Here's the channel: Artview

Hopefully this is not rated as marketing, since the only thing I care about is your opinions


----------



## zombiesniper (Nov 5, 2018)

I've looked at your youtube and have watched both videos.

First thing is that people want to know they are learning from a skilled individual that is good at relaying concepts in a way that is easy to digest.

You need to establish that you are knowledgeable in photography BEFORE trying to teach anyone anything. I watch very few youtube photography tutorials because for every one that states composition is the most important thing in photography I can find you 5 others that will disagree. The few that I do watch are competent photographers, not gear reviewers or photography conspiracy theorists.

Relaying your message can be done a lot easier if you do not try to do the voiceover all in one shot. You will need a clear concise message without all of the interruptions. I understand english is not your first language but editing is a part of presenting a good product.

Be very careful in saying anything "IS the most important". There is no better way to get the youtube trolls to come out and clutter your comments with vulgar remarks.

One last thing. Research ANY topic you are going to cover and only cover facts. Your first video is an opinion, not a fact. I can easily argue that proper exposure is more important than composition but again this is only an opinion and in an instructional environment is still worth nothing.

Good job on wanting to help out new photographers and good luck.


----------



## Hero2Zero (Nov 6, 2018)

zombiesniper said:


> I've looked at your youtube and have watched both videos.
> 
> First thing is that people want to know they are learning from a skilled individual that is good at relaying concepts in a way that is easy to digest.
> 
> ...



Thank you for taking your time watching and giving such good fedback! You're right, I should at least show some good photos before trying to teach. And maybe do a statement where I say that I'm still learning. 

Good point, I want the channel to be entertaining at the same time as useful. So I'll probably make two versions of one video, one where I speak more freely and one that is a pure tutorial without interruptions.

Very true, it's guidelines and not facts.

Thank you for your time!


----------



## Derrel (Nov 6, 2018)

If you are "still learning", as you state, then I wonder if perhaps it might be best to do a YouTube channel that focuses on your personal photography journey, on your personal photography passions, on your person photography emphasis,etc.. I think that might make for a better, and more "authentic" experience for your viewers. I think that YouTube has too many channels where the owners/instructors are not established enough to give advice, but they are however, certainly qualified to show people their own photography "experiences",and so on.

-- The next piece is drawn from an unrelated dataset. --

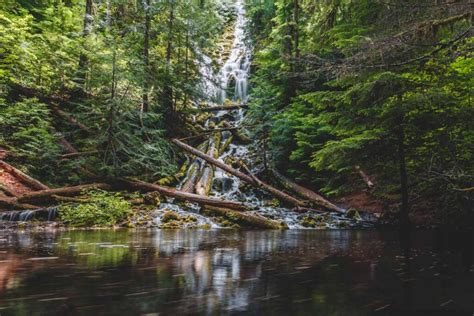 Proxy Falls Hike—central Oregons Most Epic Waterfall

YouTube has so,so,soooo many photography channels that yet another instructional channel is,I think, most likely doomed to failure. However, a personal photography journey channel might do pretty well, I think.


----------



## Hero2Zero (Nov 7, 2018)

Derrel said:


> If you are "still learning", as you state, then I wonder if perhaps it might be best to do a YouTube channel that focuses on your personal photography journey, on your personal photography passions, on your person photography emphasis,etc.. I think that might make for a better, and more "authentic" experience for your viewers. I think that YouTube has too many channels where the owners/instructors are not established enough to give advice, but they are however, certainly qualified to show people their own photography "experiences",and so on.
> 
> YouTube has so,so,soooo many photography channels that yet another instructional channel is,I think, most likely doomed to failure. However, a personal photography journey channel might do pretty well, I think.



Agreed mostly. But I have some experience in photography and does it professionally from time to time. I've also done jobs in film photography. I like to stay pretty anonymous now in the beginning so I haven't shown my best photographs, I've actually shown some pretty bad photos recently, especially the first one But I'm shooting some better photos at the moment to use in the channel. Still good advice of you that I should include my journey as a photographer. Maybe analyze some of my own photos could be an idea


----------



## Hero2Zero (Nov 11, 2018)

Here are some recent videos  I made from taking your advices. What do you think? The second one is just about 1:30 minutes so I you don't feel like watching both. And by the way, is there anyone else here that migth do youtube videos as well?


----------